After all, the whole idea of sending grandma to the old folks’ home when she gets to be inconvenient is not a Latino tradition. Similarly, it wasn’t Hispanic politicians who hijacked the term “family values” to justify why they hated certain groups of people (although many Latinos were only too happy to adopt that definition after the fact; but that’s another post).

Hispanics reap the benefits of this family-centric approach. We are more likely to have a strong support base when things get rough. We tend to know the stories that go back generations. And our cousins are more likely to be viewed as siblings rather than as strangers.

Despite this and the many other advantages that our emphasis on family brings us, there are liabilities as well. Yes, the preoccupation with creating lots of babies is one of them, as I’ve pointed out before.
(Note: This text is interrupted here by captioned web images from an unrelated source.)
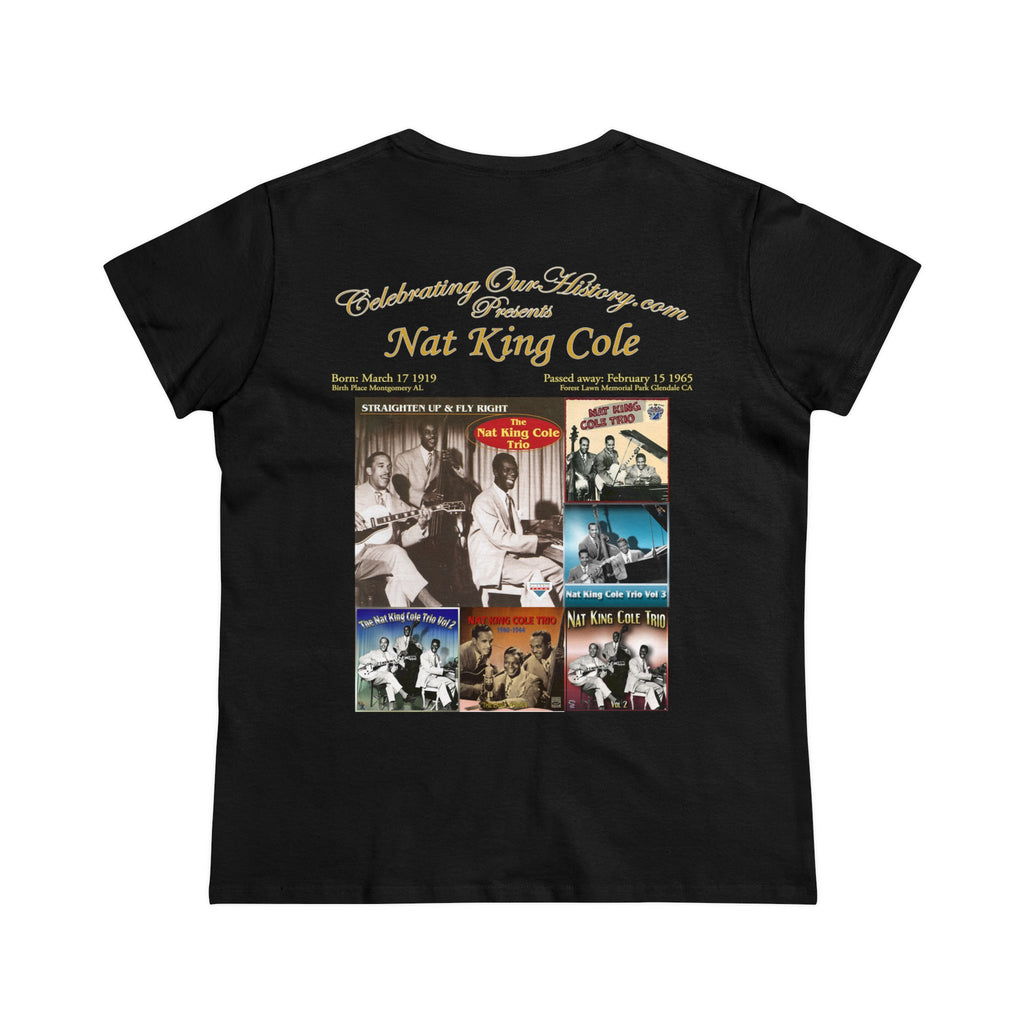 Nat King Cole - The Nat King Cole Trio -  Front and Back Printed Concert Style Women's T-Shirt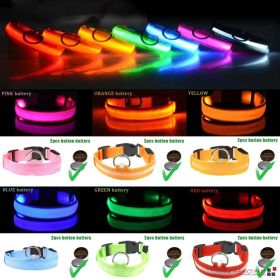 LED Adjustable Dog Collar Blinking Flashing Light Up Glow Pets Safety Waterproof (Option: S-Green)
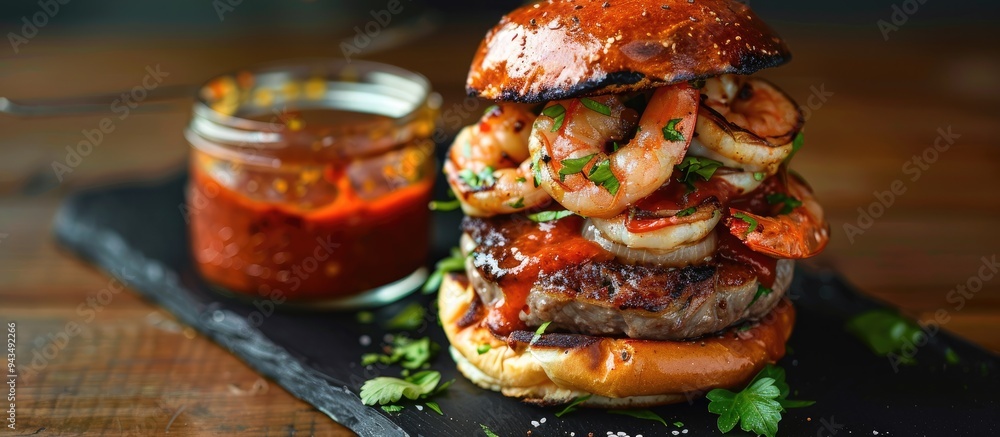 Poster A close up image featuring a burger topped with shrimp and meat on a black napkin with a jar of red sauce next to it providing copy space within the frame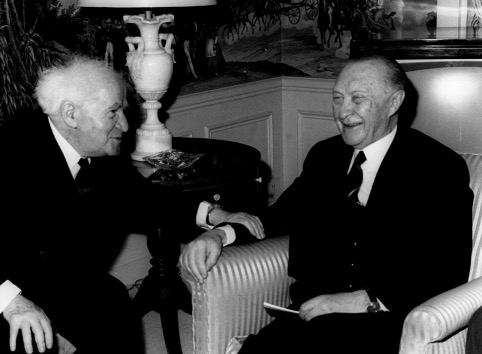 David Ben Gurion og Konrad Adenauer mødes i New York i 1960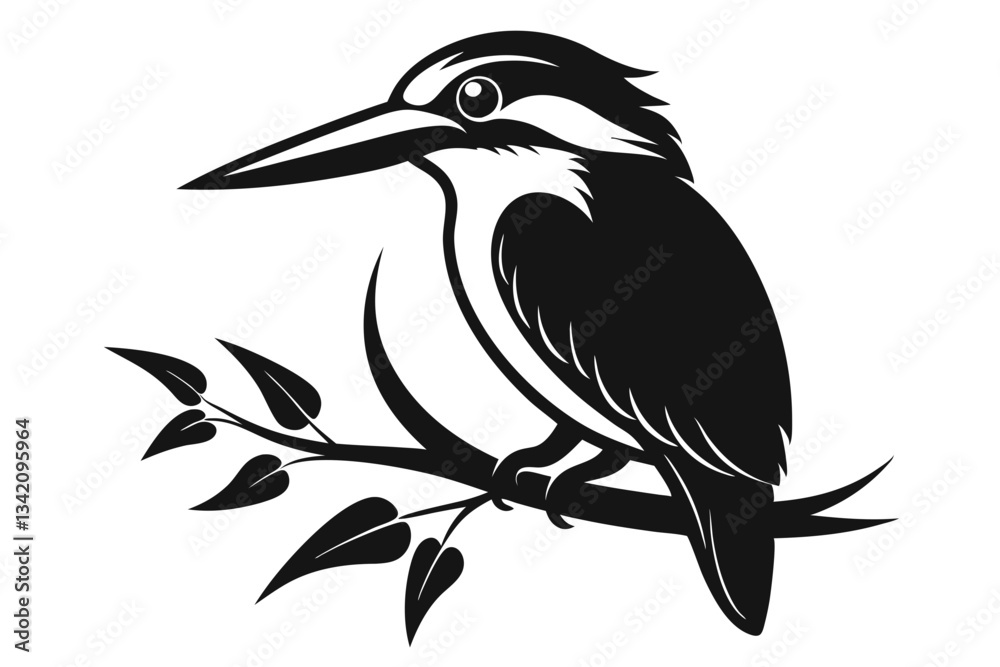 kingfisher sitting on a branch line art silhouette vector illustration kingfisher sitting on a branch line art silhouette vector illustration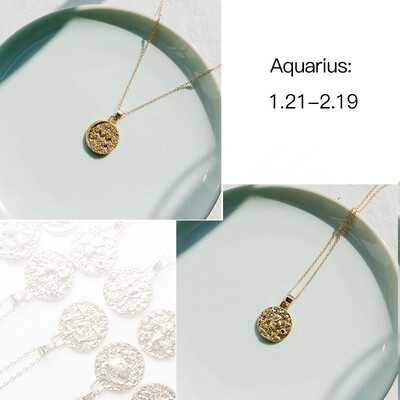 

12 Constellation Jewelry Necklace Gold Virgo Libra Scorpio Sagittarius Capricorn Aquarius Zodiac Vintage Circle Pendant Necklace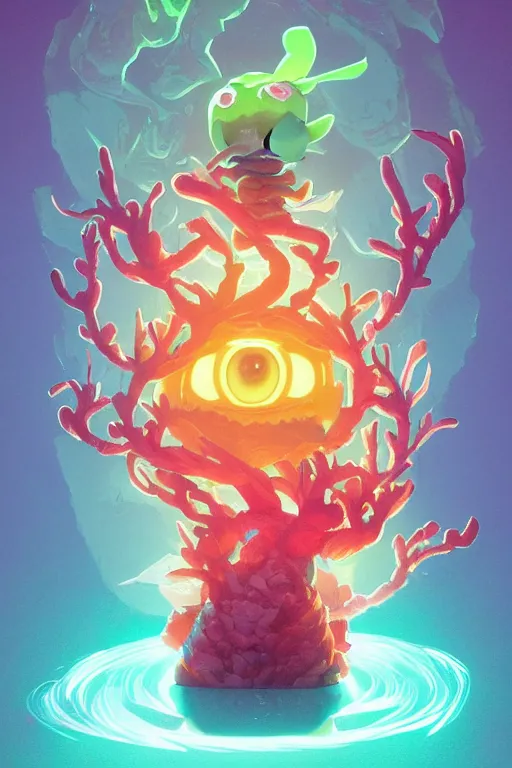 Image similar to roots cactus sushi cristal smurf ghost creature animal sushi cristal very big eye roots cactus elemental flush of force nature micro world fluo fishscale, behance hd by jesper ejsing, by rhads, makoto shinkai and lois van baarle, ilya kuvshinov, rossdraws radiating a glowing aura global illumination ray tracing hdr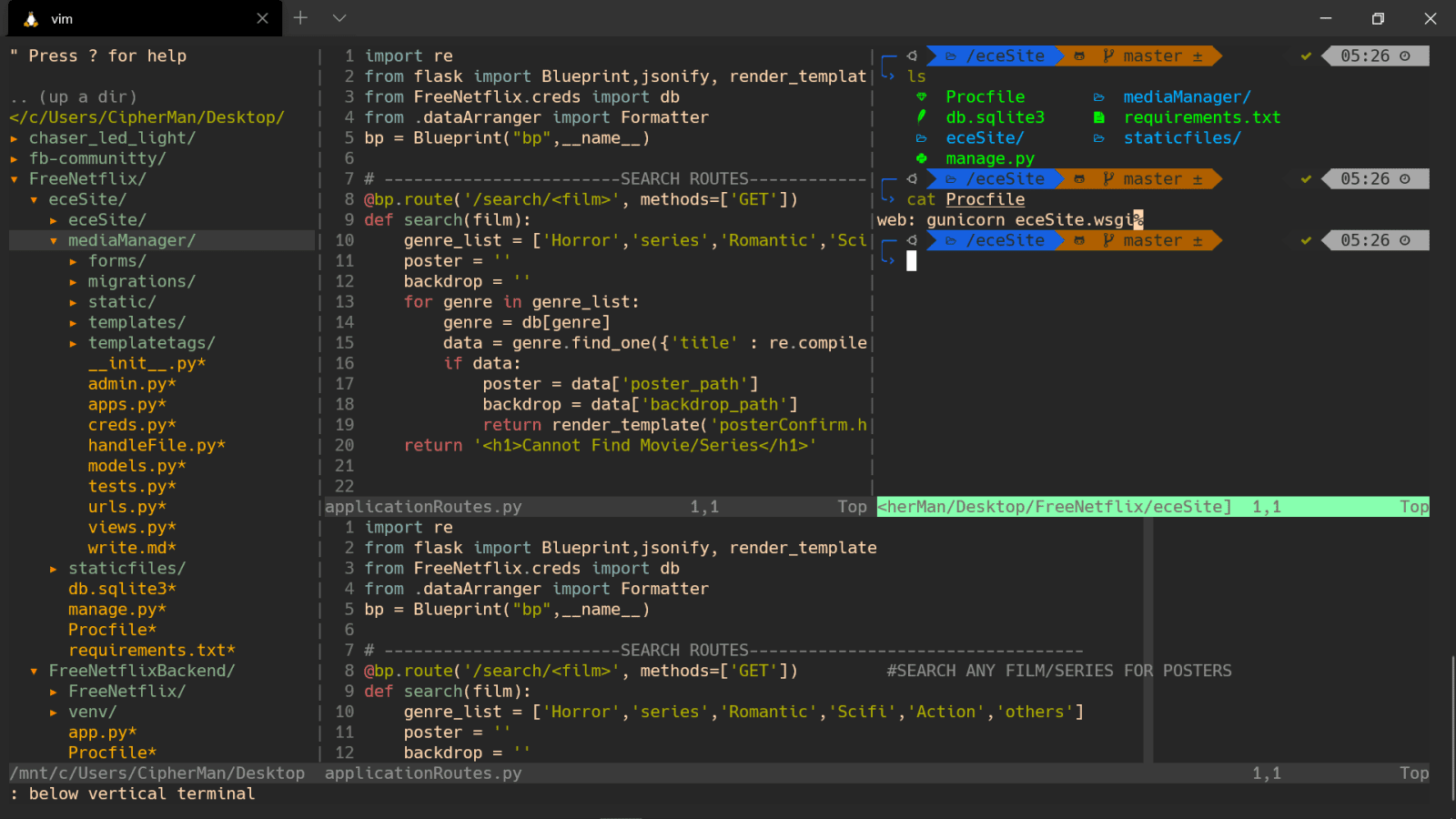 designing tools for software developers. Vim UI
But the obsession with family can also backfire in other ways, particularly when it rubs up uncomfortably against another cultural positive: the strong Latino work ethic.

As I’ve written before, Hispanic culture is just crazy about working hard. But as I’ve also pointed out, this admirable trait is sometimes used to justify ceaseless, low-wage toil.

At times, therefore, these cultural positives – an emphasis on family and a powerful work ethic – combine to deliver a devastating one-two punch to another value that, frankly, is not held in such high esteem among Latinos: education.